Dalgic A. D. , Koman E. , Karataş A. , TEZCANER A., KESKİN D.

Materials Science and Engineering C, 2021 (Journal Indexed in SCI Expanded) identifier identifier

  • Publication Type: Article / Article
  • Publication Date: 2021
  • Doi Number: 10.1016/j.msec.2021.112554
  • Title of Journal : Materials Science and Engineering C
  • Keywords: Glutaraldehyde, PHBV, Pullulan, Skin tissue engineering, Wet-electrospinning

Abstract

© 2021 Elsevier B.V.Skin tissue loss that occurs by injury and diseases can turn into chronic wounds as a result of complications alongside infection.

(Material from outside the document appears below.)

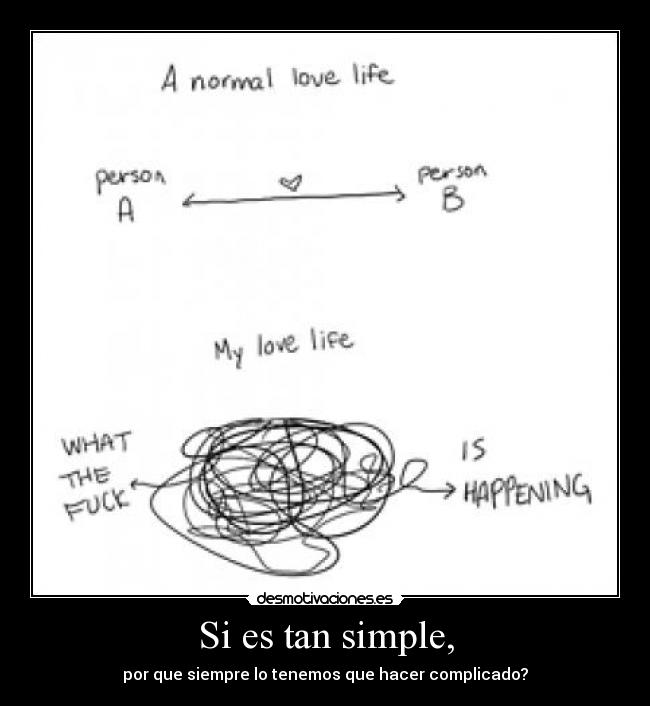 Si es tan simple, - por que siempre lo tenemos que hacer complicado?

Chronic wounds fail to heal by themselves and need advanced treatments like engineered wound dressings and regenerative scaffolds. In this study, a novel, natural origin, bilayer electrospun scaffold was produced from pullulan (PUL) and poly(hydroxybutyrate-co-hydroxyvalerate) (PHBV) biopolymers. PHBV production by Cupriavidus necator bacterial strain was optimized and produced polymer was characterized. Characteristic peaks and bands of PHBV were observed by H-NMR and FTIR analyses. Valerate mol percent of produced PHBV copolymer was determined by H-NMR. Average molecular weight of the polymer was determined by SLS technique and crystallinity of PHBV was calculated from DSC curve. Bilayer scaffold was produced by electrospinning of hydrophilic PUL fibrous membrane onto wet-electrospun hydrophobic PHBV 3D fibrous mat. Bilayer scaffold was designed to involve regenerative and barrier fibrous layers. Nano fibrous PUL membrane with smaller pore size was efficient as a barrier against bacterial transmission while enabling optimum oxygen and water vapor transmission. Water retention and degradation properties were found to be optimum for a skin tissue scaffold. In vitro studies showed that PUL membrane sustained L929 cell proliferation while preventing cells from migrating inside the barrier phase while PHBV layer supported cell viability, proliferation, and migration, creating a regenerative 3D structure. Results showed that, novel natural origin PUL/PHBV bilayer scaffold is a promising candidate for wound healing applications.